I Think They're Working for TikTok. For Free.

Malaysian sellers are messaging every creator and agency they can find, asking for free collaborations. Most of them genuinely believe TikTok's affiliate model is their path to building a brand. I think the math tells a completely different story — and the only party getting paid at the end is the platform.

Published  June 2026
By  Chin Qi Yong, CEO — IMA AI
© 2026 Chin Qi Yong
Read time  ~5 min

What I'm seeing

Lately my inbox has been full of collaboration requests from Malaysian brands. Free content production. Free livestream hosting. Free creative. They send a long message explaining their product, attach some photos, and end with some version of: "We will provide the products, and you keep whatever commission you earn."

I am not going to pretend this is new. But the volume has increased significantly, and so has the confidence with which these requests are made. There is a genuine belief on the other side that this is a reasonable ask — that free collaboration is a normal, legitimate marketing strategy.

I disagree. And I want to explain exactly why, because the problem goes much deeper than etiquette.

TikTok created this

This behaviour did not come from nowhere. TikTok's affiliate marketing model created it.

When TikTok Shop launched its affiliate programme in Southeast Asia, it offered something that felt revolutionary: a seller could list their product, creators would promote it for free, and everyone would earn commission on sales. No upfront cost. No production budget. Just upload your product and let the creators do the work.

For a certain kind of aspiring entrepreneur, this looked like a golden door. You did not need capital to start. You did not need a marketing budget.

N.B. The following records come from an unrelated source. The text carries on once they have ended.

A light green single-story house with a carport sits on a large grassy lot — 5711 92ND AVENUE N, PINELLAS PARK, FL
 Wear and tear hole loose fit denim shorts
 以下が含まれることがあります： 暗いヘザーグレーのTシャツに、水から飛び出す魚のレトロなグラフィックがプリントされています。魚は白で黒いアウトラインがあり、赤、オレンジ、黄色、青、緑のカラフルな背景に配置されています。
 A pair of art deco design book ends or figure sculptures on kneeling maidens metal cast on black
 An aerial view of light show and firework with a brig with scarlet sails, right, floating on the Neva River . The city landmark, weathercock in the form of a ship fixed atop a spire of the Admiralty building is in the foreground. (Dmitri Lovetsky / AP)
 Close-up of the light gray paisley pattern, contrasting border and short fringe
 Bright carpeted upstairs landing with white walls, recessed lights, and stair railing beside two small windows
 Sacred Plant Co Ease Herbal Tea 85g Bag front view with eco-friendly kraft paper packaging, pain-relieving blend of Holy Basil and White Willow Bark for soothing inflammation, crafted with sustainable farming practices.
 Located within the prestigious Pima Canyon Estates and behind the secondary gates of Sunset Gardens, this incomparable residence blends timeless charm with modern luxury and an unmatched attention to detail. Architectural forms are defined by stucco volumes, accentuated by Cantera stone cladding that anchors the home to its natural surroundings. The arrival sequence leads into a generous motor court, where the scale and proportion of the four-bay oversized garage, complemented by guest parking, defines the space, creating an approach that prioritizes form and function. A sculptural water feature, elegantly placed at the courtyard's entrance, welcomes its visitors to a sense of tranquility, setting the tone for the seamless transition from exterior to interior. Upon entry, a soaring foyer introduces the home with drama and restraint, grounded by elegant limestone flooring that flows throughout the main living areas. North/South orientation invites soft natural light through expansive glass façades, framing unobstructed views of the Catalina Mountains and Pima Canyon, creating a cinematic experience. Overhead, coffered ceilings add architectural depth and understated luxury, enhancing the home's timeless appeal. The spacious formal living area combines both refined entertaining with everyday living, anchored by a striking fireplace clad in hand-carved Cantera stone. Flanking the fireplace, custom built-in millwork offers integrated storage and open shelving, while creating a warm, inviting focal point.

You did not need a plan beyond "find enough creators to push my product." The platform seemed to be handing out businesses for free.

TikTok promoted this narrative aggressively because it served them. More sellers meant more products. More creator content meant more traffic. More transactions meant more platform fees. The affiliate model was never designed to make sellers rich — it was designed to make TikTok's marketplace denser and more active. The sellers and creators were the supply chain. The platform was the beneficiary.

TikTok's affiliate model did not create entrepreneurs. It created a supply chain. Sellers supply products. Creators supply content. TikTok collects fees on every transaction and keeps the traffic. The "opportunity" was always the platform's opportunity, not yours.

Who actually wins

Let me trace what actually happens when a free collaboration works — when a creator promotes a product, drives views, and generates sales.

The creator spent hours planning, filming, and editing. They promoted the content, engaged with comments, and drove their own audience to a transaction. Their reward is a commission — typically 10 to 15 percent of the sale price.

The seller moved product. Their reward is their margin minus all platform costs.

TikTok collected a platform fee on every transaction, earned advertising revenue from all the organic content the creator produced, accumulated purchasing data on every buyer, and grew its GMV numbers — the metric that determines its valuation and negotiating power with investors and brands globally. TikTok contributed nothing to the production. It took a percentage of everything.

Both the creator and the seller generated real economic value for TikTok. Whether either of them generated real economic value for themselves depends entirely on the numbers — and the numbers are the part most people refuse to look at honestly.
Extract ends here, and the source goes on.